Anna wished she were in it now, bare wood, bare walls, bare of furniture. Often as not, privacy and a hard floor beat company and a soft bed. The memory wavered, then faded. A room of her own and all that entailed belonged to another life. One that grew ever harder to hang on to. By repetition, the big lie of who she was became ever more believable.
She stopped at the door of the room she and Nicky shared. Mary continued down the hall calling a "good night" over her shoulder. The prospect of being Anna's partner in anti-crime had her jacked up.
"Before you do anything," Anna reminded her, "you tell me."
Mary spun around, came to an abrupt halt, heels together. Saluting smartly, she said: "Ma'am. Permission to brush my teeth, ma'am."
Even knowing it only encouraged children, Anna couldn't help but laugh. "Permission granted."
Anna opened the door and flipped on the light.
Nicky wasn't in. Anna had figured that when she'd found the door closed. Both Nicky and Cricket suffered from the fear that they were missing something when they weren't at the heart of a group of babbling people.
The room was a shambles. It seemed ironic that the only time she'd seen it tidy was after it had been tossed by professionals. She was half sorry she'd spent so much time and energy assuaging Nicky's fears. Had she stayed scared she might have continued to pick up after herself if for no other reason than to create an illusion of control over some small part of her life.
"Oh, for heaven's sake," Anna exclaimed, hearing her dead mother-in-law's voice in her own. Nicky hadn't been happy simply to trash her own side of the room, she'd trashed Anna's as well.

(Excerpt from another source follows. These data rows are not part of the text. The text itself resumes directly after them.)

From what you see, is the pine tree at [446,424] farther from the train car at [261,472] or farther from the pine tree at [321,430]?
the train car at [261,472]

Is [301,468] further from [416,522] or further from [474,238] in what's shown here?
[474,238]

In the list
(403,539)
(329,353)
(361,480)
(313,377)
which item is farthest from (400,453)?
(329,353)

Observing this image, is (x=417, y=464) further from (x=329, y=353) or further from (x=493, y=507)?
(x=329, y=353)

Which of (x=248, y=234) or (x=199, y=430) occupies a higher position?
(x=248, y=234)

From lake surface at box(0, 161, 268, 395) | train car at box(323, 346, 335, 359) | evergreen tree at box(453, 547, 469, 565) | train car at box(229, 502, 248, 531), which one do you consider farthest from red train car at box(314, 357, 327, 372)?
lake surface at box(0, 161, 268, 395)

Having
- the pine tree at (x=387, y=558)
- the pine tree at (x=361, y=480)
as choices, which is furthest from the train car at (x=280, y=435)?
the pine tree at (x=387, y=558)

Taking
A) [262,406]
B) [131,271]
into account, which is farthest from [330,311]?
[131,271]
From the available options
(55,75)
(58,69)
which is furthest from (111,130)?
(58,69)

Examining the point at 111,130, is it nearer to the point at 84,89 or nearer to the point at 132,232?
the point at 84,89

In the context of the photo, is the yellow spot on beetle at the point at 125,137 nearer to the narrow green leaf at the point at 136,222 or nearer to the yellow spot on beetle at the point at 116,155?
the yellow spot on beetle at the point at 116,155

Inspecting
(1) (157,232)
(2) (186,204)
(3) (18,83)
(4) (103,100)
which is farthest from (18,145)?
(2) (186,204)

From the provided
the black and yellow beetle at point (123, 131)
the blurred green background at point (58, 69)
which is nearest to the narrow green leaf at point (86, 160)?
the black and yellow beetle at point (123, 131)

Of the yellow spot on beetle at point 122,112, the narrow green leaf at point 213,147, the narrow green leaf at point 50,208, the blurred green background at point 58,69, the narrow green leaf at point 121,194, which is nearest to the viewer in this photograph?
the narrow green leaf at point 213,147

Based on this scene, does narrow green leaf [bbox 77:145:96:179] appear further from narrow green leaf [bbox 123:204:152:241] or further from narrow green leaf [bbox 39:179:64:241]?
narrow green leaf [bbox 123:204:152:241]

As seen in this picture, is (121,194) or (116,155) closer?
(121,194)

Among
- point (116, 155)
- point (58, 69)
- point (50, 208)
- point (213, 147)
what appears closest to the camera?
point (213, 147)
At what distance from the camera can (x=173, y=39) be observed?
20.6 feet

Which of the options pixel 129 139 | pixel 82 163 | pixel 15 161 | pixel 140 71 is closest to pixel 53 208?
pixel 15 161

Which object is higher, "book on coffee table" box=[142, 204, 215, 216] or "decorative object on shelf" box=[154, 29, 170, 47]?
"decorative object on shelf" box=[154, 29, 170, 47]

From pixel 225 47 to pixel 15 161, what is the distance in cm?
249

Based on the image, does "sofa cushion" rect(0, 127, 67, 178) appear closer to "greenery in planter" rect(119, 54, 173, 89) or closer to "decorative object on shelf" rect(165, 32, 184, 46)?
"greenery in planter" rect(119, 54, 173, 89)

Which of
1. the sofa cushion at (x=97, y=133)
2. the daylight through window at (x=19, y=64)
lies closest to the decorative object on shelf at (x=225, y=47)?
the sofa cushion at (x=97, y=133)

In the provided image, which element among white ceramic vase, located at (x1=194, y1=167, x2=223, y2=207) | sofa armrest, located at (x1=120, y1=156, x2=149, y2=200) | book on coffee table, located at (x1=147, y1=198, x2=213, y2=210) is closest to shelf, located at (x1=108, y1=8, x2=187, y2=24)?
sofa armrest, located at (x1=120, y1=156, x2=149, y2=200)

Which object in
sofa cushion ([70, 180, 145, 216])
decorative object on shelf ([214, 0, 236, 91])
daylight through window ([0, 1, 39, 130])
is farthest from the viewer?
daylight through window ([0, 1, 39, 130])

"Doggoned, silly-assed little nitwit," Anna cursed gently. Up near MercedPass she'd gotten enough of the brutal sort to leave a bad taste in her mouth when it came to four-letter words. She flicked on her desk light.
"Oh dear." Where she had been merely annoyed she was now alarmed. The clutter covering her unmade bed, spilling out the open door of her narrow closet and littering her desktop did not belong to her roommate. All of it was hers: books, papers, clothes, everything dumped out and tossed into a dismaying salad of single shoes, pencils, unmarried socks, Altoid mints, paper clips and other small things she'd thought to bring along as necessary to life and human dignity.

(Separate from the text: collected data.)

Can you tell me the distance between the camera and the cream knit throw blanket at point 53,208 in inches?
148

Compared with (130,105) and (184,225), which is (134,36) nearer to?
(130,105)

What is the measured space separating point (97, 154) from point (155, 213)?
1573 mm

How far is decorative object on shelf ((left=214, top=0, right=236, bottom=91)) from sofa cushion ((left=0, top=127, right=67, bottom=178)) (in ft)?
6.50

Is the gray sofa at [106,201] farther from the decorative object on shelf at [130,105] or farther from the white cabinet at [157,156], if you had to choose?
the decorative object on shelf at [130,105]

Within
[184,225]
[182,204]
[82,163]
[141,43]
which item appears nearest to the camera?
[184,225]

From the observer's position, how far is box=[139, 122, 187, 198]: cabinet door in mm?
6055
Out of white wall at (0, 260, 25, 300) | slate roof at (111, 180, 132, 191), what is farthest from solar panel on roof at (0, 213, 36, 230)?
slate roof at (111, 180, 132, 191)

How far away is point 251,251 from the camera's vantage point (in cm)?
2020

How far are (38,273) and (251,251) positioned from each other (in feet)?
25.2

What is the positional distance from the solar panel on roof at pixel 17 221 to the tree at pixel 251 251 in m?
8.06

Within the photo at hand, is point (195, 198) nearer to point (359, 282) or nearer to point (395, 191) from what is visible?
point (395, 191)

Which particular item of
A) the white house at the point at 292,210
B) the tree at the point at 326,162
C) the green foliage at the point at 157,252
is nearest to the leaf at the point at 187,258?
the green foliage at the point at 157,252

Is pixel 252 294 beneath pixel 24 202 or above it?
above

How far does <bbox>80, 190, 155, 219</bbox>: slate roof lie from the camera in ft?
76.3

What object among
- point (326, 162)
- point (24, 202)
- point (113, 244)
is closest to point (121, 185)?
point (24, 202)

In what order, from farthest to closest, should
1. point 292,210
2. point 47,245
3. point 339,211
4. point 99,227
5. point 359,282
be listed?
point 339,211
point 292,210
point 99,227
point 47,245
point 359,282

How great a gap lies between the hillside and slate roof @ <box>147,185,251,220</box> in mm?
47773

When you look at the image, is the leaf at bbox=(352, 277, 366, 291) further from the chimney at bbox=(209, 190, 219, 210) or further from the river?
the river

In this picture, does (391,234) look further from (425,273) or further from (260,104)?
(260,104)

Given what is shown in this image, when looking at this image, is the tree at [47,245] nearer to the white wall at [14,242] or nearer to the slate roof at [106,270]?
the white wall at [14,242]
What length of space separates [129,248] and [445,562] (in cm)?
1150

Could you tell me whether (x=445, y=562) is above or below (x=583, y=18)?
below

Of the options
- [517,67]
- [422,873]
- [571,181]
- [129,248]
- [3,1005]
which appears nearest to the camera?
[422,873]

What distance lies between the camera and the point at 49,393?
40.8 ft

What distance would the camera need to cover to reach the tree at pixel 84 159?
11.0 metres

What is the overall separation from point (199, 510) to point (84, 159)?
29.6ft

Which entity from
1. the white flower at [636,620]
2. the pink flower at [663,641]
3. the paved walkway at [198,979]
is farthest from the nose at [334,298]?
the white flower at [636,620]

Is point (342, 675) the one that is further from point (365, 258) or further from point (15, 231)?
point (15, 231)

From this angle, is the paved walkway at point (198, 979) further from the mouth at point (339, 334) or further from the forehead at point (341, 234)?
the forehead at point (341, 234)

Snapshots of Paul and Piedmont were on the floor. Snatching them up protectively, she held them to her shirt front as if she didn't want them to see the mess.
Much as she'd denigrated this cramped and crowded space, for the moment, it was all the home she had. On one level or another she'd been missing it for three days and two nights. Here she had pajamas that didn't leave her fanny out in the breeze, a pillow that had been molded to her head, blankets that didn't smell of cleanser. Her things.